Description of the task:
Pictures do not belong in the copy. Write out exactly the lines from the one containing "I'm just going" through the end of the data.
***
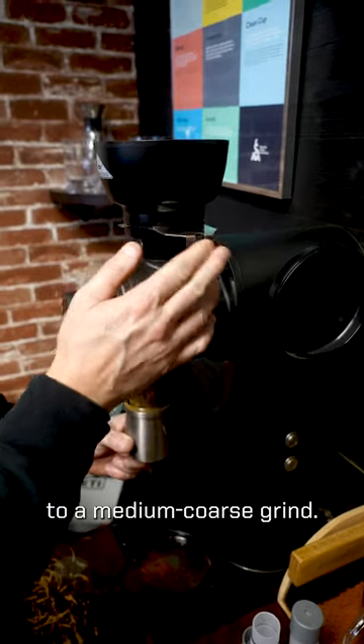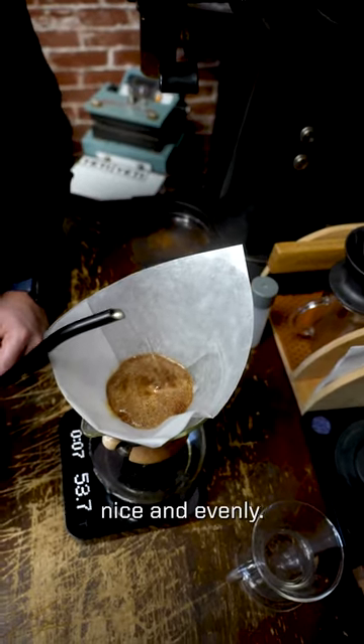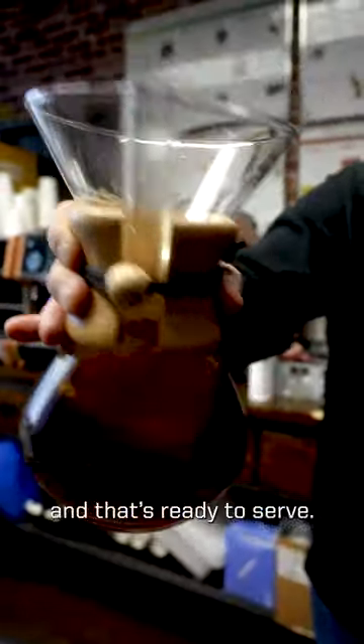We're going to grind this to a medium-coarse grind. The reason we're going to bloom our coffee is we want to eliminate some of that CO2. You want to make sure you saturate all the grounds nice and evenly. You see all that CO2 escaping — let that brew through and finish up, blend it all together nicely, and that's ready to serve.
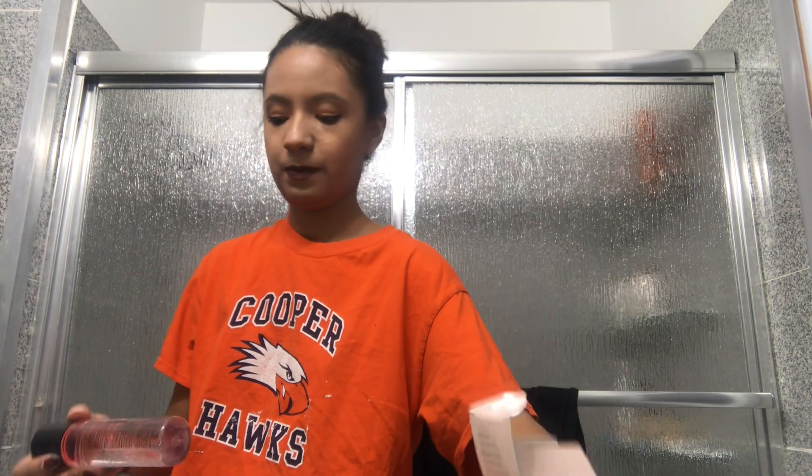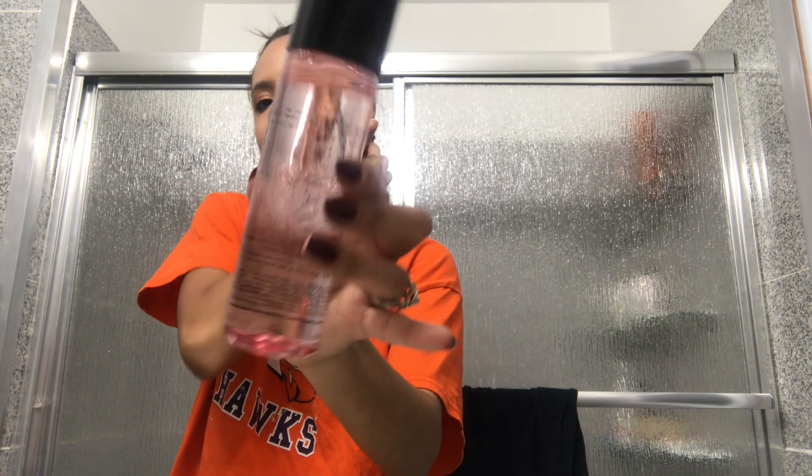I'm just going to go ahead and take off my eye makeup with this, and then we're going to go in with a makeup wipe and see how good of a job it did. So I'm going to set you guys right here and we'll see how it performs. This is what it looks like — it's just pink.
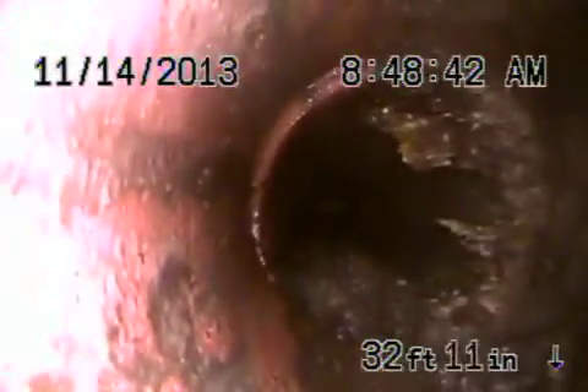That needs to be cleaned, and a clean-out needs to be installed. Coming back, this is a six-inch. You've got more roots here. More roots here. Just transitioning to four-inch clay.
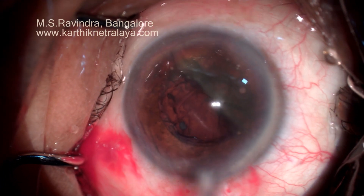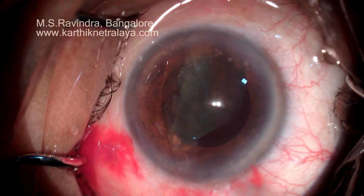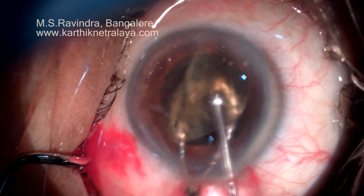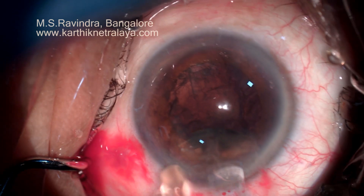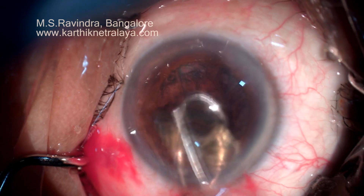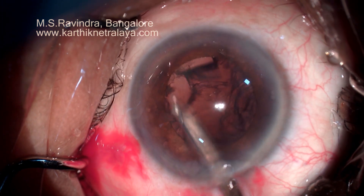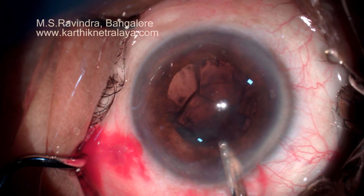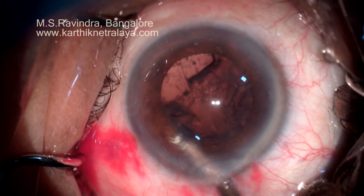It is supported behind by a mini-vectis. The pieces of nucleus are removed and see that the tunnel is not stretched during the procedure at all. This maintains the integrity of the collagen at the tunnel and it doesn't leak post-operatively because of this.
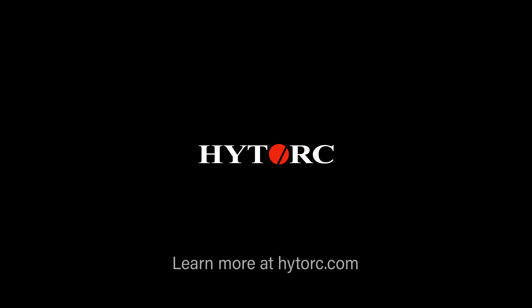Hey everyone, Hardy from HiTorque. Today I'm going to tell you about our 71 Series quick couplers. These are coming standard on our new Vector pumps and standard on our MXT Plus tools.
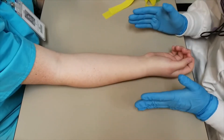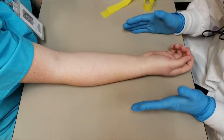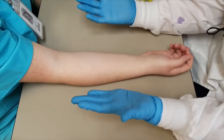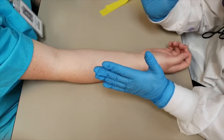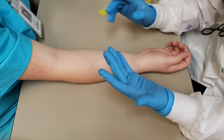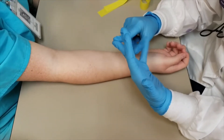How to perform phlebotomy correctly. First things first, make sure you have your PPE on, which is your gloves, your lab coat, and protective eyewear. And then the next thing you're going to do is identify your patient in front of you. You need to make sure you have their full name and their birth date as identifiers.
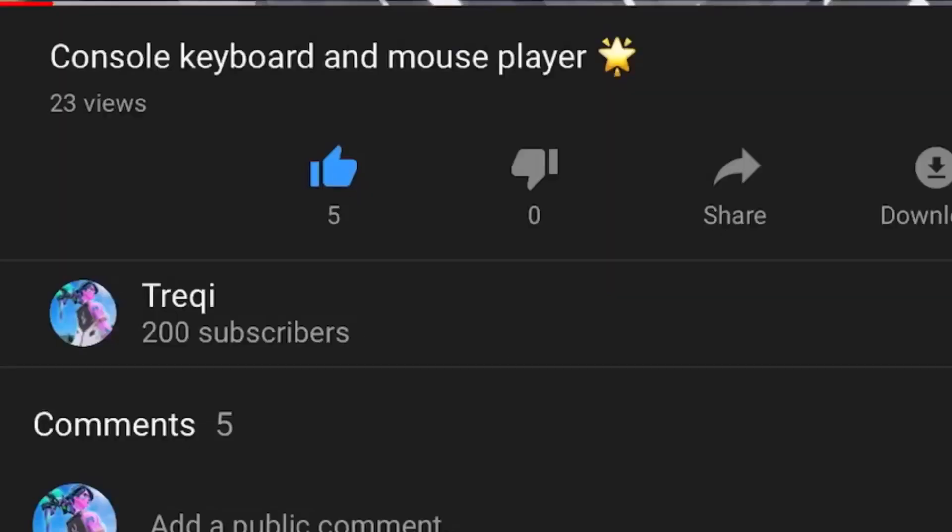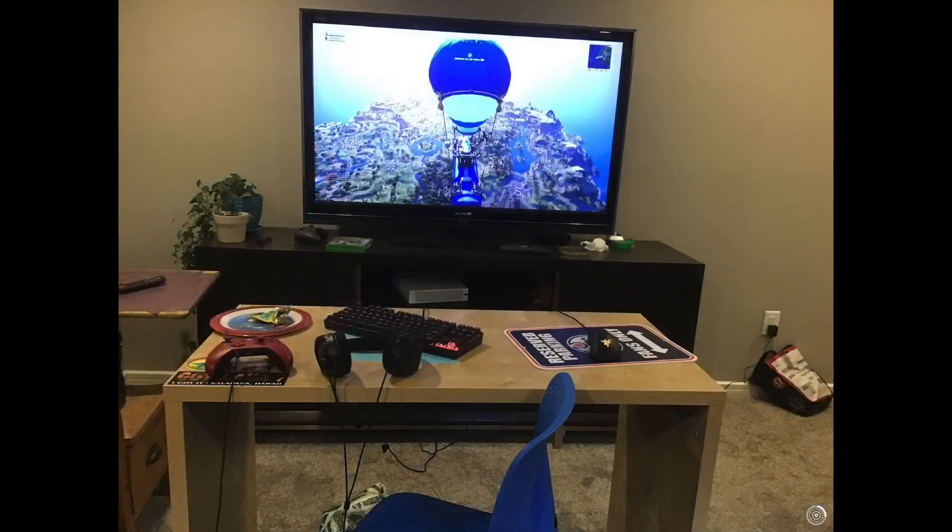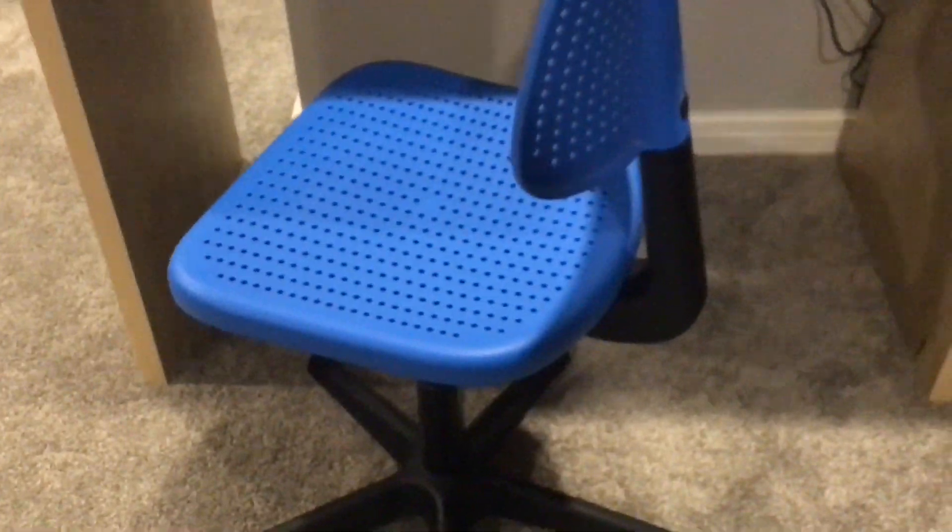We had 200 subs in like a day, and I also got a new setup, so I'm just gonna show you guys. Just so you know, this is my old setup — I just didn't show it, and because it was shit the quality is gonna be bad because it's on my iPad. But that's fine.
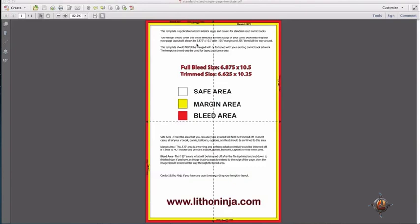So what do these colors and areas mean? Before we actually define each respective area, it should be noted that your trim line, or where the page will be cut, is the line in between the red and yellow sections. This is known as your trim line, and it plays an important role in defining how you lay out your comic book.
***
Exercise output:
I'm just going to go ahead and take off my eye makeup with this, and then we're going to go in with a makeup wipe and see how good of a job it did. So I'm going to set you guys right here and we'll see how it performs. This is what it looks like — it's just pink.
That needs to be cleaned, and a clean-out needs to be installed. Coming back, this is a six-inch. You've got more roots here. More roots here. Just transitioning to four-inch clay.
It is supported behind by a mini-vectis. The pieces of nucleus are removed and see that the tunnel is not stretched during the procedure at all. This maintains the integrity of the collagen at the tunnel and it doesn't leak post-operatively because of this.
Hey everyone, Hardy from HiTorque. Today I'm going to tell you about our 71 Series quick couplers. These are coming standard on our new Vector pumps and standard on our MXT Plus tools.
How to perform phlebotomy correctly. First things first, make sure you have your PPE on, which is your gloves, your lab coat, and protective eyewear. And then the next thing you're going to do is identify your patient in front of you. You need to make sure you have their full name and their birth date as identifiers.
We had 200 subs in like a day, and I also got a new setup, so I'm just gonna show you guys. Just so you know, this is my old setup — I just didn't show it, and because it was shit the quality is gonna be bad because it's on my iPad. But that's fine.
So what do these colors and areas mean? Before we actually define each respective area, it should be noted that your trim line, or where the page will be cut, is the line in between the red and yellow sections. This is known as your trim line, and it plays an important role in defining how you lay out your comic book.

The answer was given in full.